Jakarta, CNBC Indonesia – Ukraina resmi menutup jalur pengangkutan gas Rusia ke Eropa melalui wilayahnya. Keputusan ini mereka buat setelah berakhirnya kesepakatan tenggat waktu Transit Deal atau Kesepakatan Transit.
Kementerian Energi Ukraina melalui rilis resmi mengatakan, berakhirnya kesepakatan transit itu semata demi kepentingan nasional. Sebab, eskalasi perang antara Ukraina dan Rusia tak kunjung berakhir.
“Ini adalah peristiwa bersejarah,” sebagaimana tertera di keterangan resmi Kementerian Energi Ukraina, dilansir CNN Internasional, Rabu (1/12/2024).
Sebelum berakhirnya kesepakatan pengangkutan gas ini, sebetulnya perusahaan yang melalui jalur pengiriman gas dari Rusia ke Eropa melalui Ukraina juga sudah merugi, akibat sepinya penjualan gas ke Benua Biru.
Perusahaan raksasa gas milik Rusia, Gazprom, yang telah menandatangan kesepakatan transit dengan Naftogaz milik Ukraina telah mencatatkan rugi US$ 6,9 miliar pada 2019. Kerugian pada tahun itu merupakan catatan pertama setelah lebih dari 20 tahun terakhir.
Ukraina pun kini menghadapi kerugian sekitar US$ 800 juta per tahun akibat biaya putus kontrak kesepakatan transit ini. Sementara itu Gazprom akan kehilangan US$ 5 miliar penjualan gas.
“Beberapa negara Eropa yang masih membeli gas Rusia sebelumnya telah mengatur rute pasokan alternatif,” bunyi laporan Reuters terkait dampak kerugian dari berakhirnya Transit Deal.
Putusnya jalur perdagangan gas ini mewakili sekitar 5% dari total jalur impor gas uni eropa menurut lembaga riset Bruegel yang berbasisi di Brussels, Belgia. Adapun pemasok utama gas dari Rusia adalah Austria, Hongaria, dan Slovakia.
Setelah kesepakatan transit ini kadaluwarsa, Eropa menerima gas pipa dari Rusia melalui satu rute, yakni pipa Turkstream yang melewati Turki, lalu masuk ke Bulgaria, Serbia, hingga ke Hongaria.
Henning Gloystein, Kepala Energi, Iklim & Sumber Daya di Eurasia Group, mengatakan akhir kesepakatan itu “tidak mengejutkan” tetapi akan memicu lonjakan harga gas di pasar spot ketika pembukaan perdagangan pada Kamis.

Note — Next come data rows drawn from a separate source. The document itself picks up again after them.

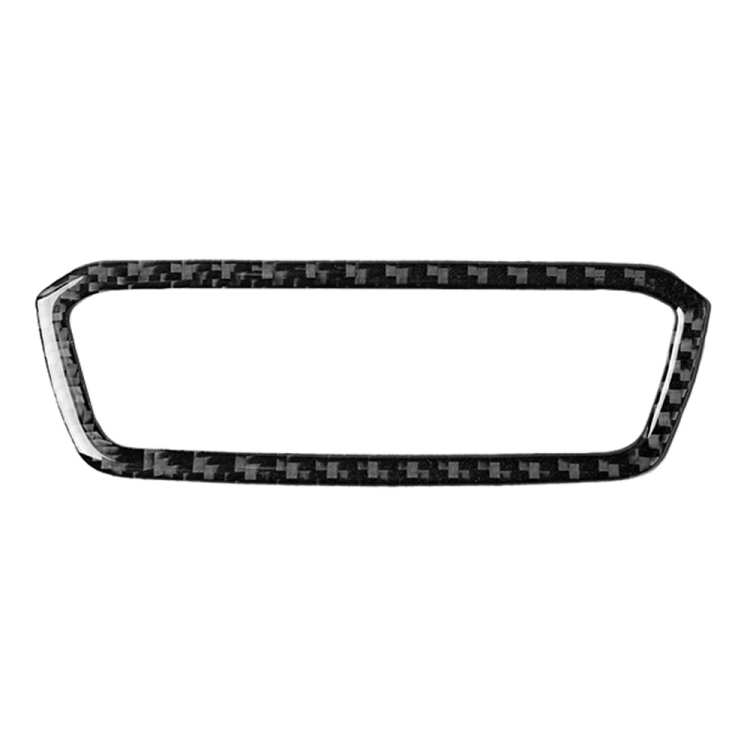 Car Carbon Fiber Headlight Adjustment Frame Decorative Sticker for BMW 3 Series G20/G28/325Li/330d/335 2019-2020, Left and Right Drive Universal
Car Carbon Fiber Headlight Adjustment Frame Decorative Sticker for BMW 3 Series G20/G28/325Li/330d/335 2019-2020, Left and Right Drive Universal
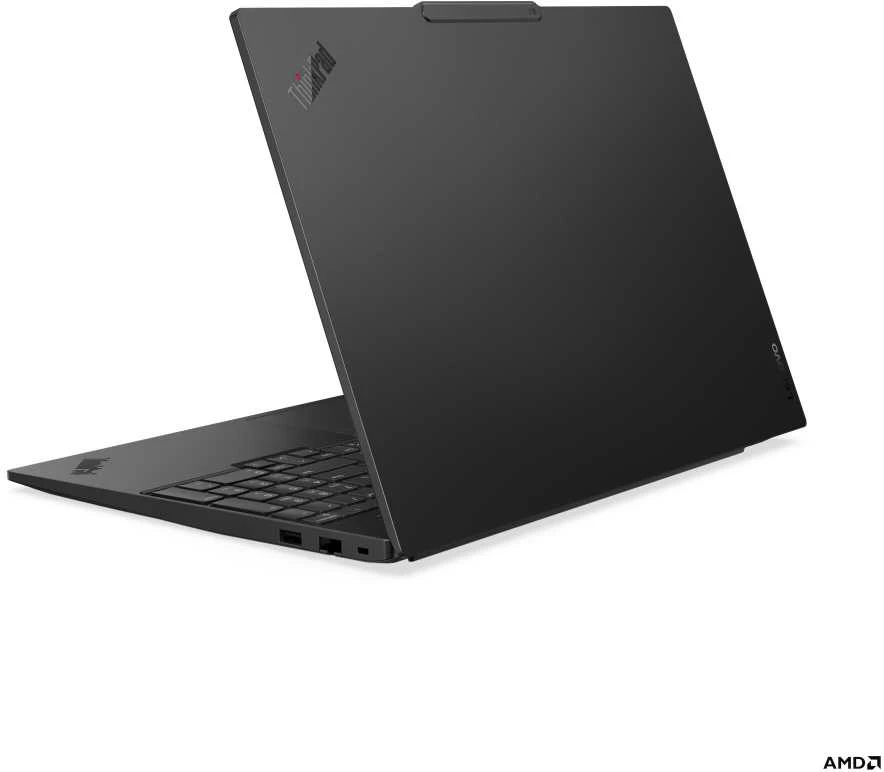 Nešiojamas kompiuteris Lenovo ThinkPad E16 G3 AMD | 16" IPS WUXGA | Ryzen 7 250 | 16 GB DDR5 | SSD 512 GB | Windows 11 Pro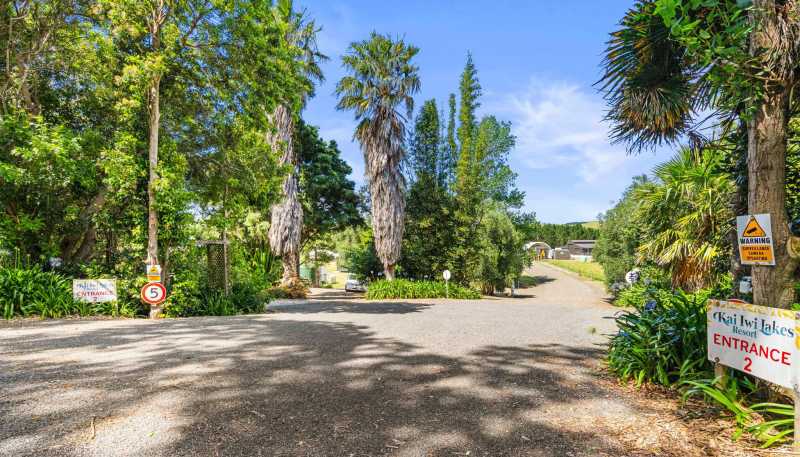 49 and 61 Kai Iwi Lakes Road, Dargaville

Tetapi “lonjakan harga besar seperti yang terlihat selama pemotongan pasokan Rusia sebelumnya tidak mungkin karena importir Uni Eropa telah lama bersiap untuk (skenario) ini,” katanya kepada CNN. Ia menambahkan, sebagian besar Eropa telah memiliki awal musim dingin yang ringan.
Uni Eropa juga telah bekerja dengan negara-negara lain selama lebih dari setahun untuk mempersiapkan kemungkinan berakhirnya kesepakatan itu, kata juru bicara Komisi Eropa kepada CNN.

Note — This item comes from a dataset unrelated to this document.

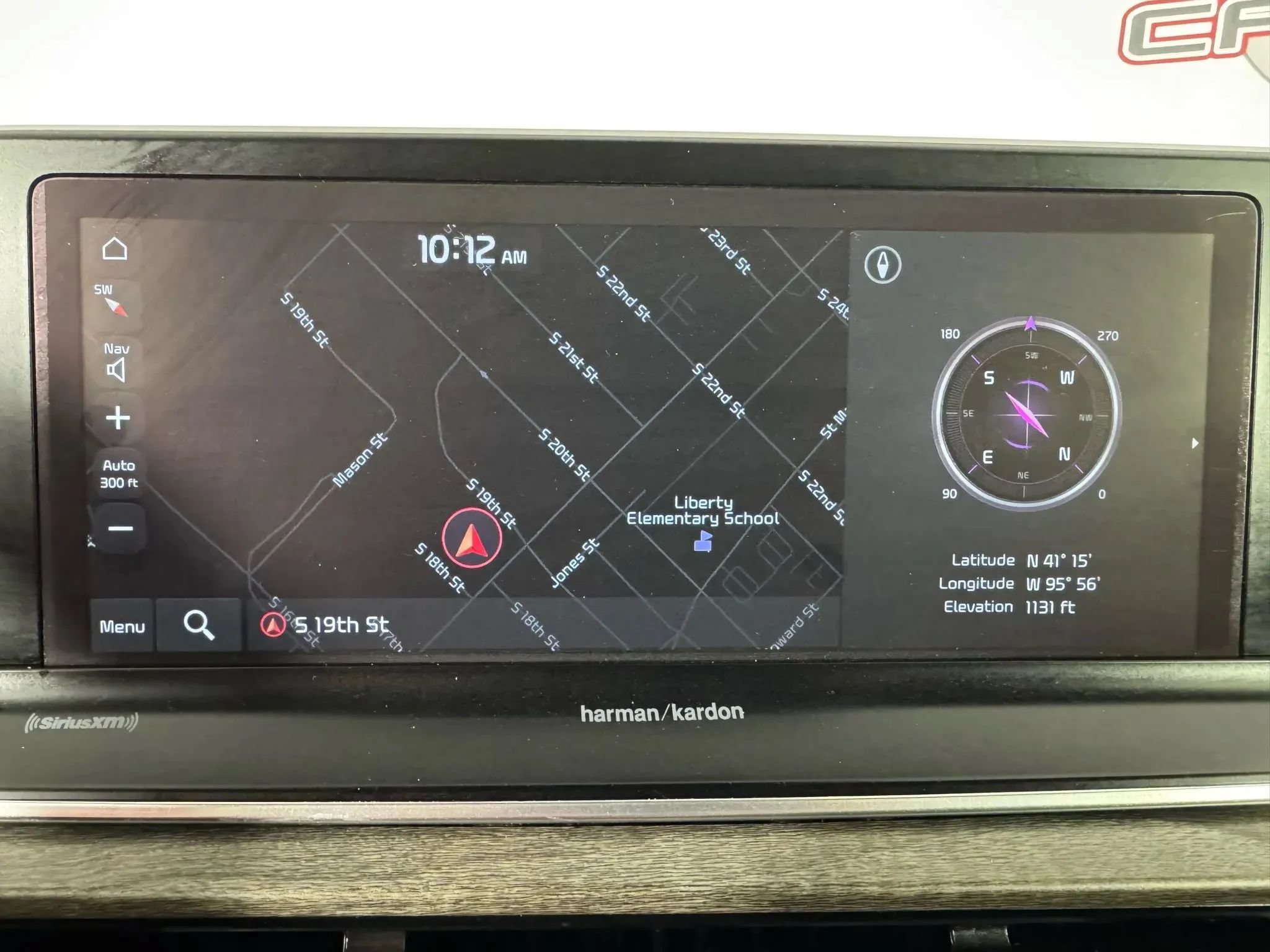 Used 2022 Kia Telluride SX w/ SX Prestige Package AWD/4WD image 19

“Infrastruktur gas Eropa cukup fleksibel untuk menyediakan gas yang berasal dari non-Rusia ke (Eropa tengah dan timur) melalui rute alternatif,” kata juru bicara itu. “Ini telah diperkuat dengan kapasitas impor baru (gas alam cair) yang signifikan sejak 2022.”
“Kami mengerjakan pekerjaan rumah kami dan siap untuk skenario ini,” kata Menteri Energi Austria Leonore Gewessler dalam sebuah pernyataan di aplikasi X, Rabu pagi, sambil menambahkan perusahaan energi negara itu telah mencari pemasok baru non-Rusia.
Namun, Perdana Menteri Slovakia Robert Fico mengatakan pada Rabu bahwa penghentian aliran gas Rusia melalui Ukraina akan berdampak “drastis” pada Uni Eropa tetapi tidak pada Rusia. Fico berpendapat akhir kesepakatan akan menyebabkan harga gas dan listrik yang lebih tinggi di Eropa.
Sebelum Rusia meluncurkan invasi skala penuh ke Ukraina pada tahun 2022, Rusia adalah pemasok gas alam terbesar Uni Eropa. Blok tersebut telah memangkas pangsa impor gas pipanya dari Rusia sebesar lebih dari 40% pada 2021 dan menjadi sekitar 8% pada 2023, menurut Dewan Eropa.